Provided data.
******************************
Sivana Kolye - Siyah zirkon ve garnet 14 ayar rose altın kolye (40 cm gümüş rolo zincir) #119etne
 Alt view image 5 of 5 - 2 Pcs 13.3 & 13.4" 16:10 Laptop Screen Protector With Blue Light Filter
******************************
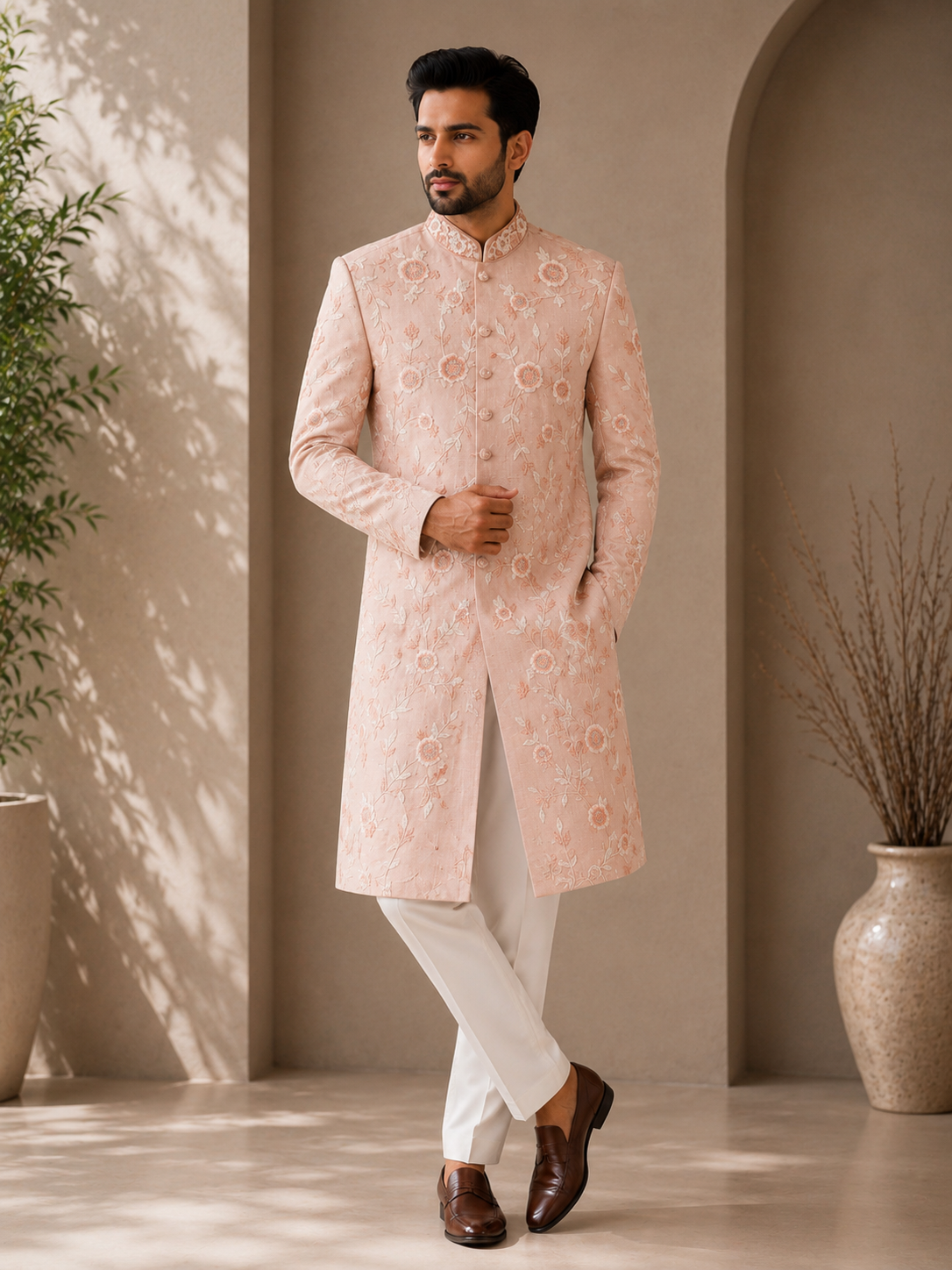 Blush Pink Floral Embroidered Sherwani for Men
******************************
What is needed.
What you return must be the lines above that run from the line with "Sivana Kolye - Siyah" to the line with "Alt view image", inclusive, each copied exactly.

Answer box.
Sivana Kolye - Siyah zirkon ve garnet 14 ayar rose altın kolye (40 cm gümüş rolo zincir) #119etne
 Alt view image 5 of 5 - 2 Pcs 13.3 & 13.4" 16:10 Laptop Screen Protector With Blue Light Filter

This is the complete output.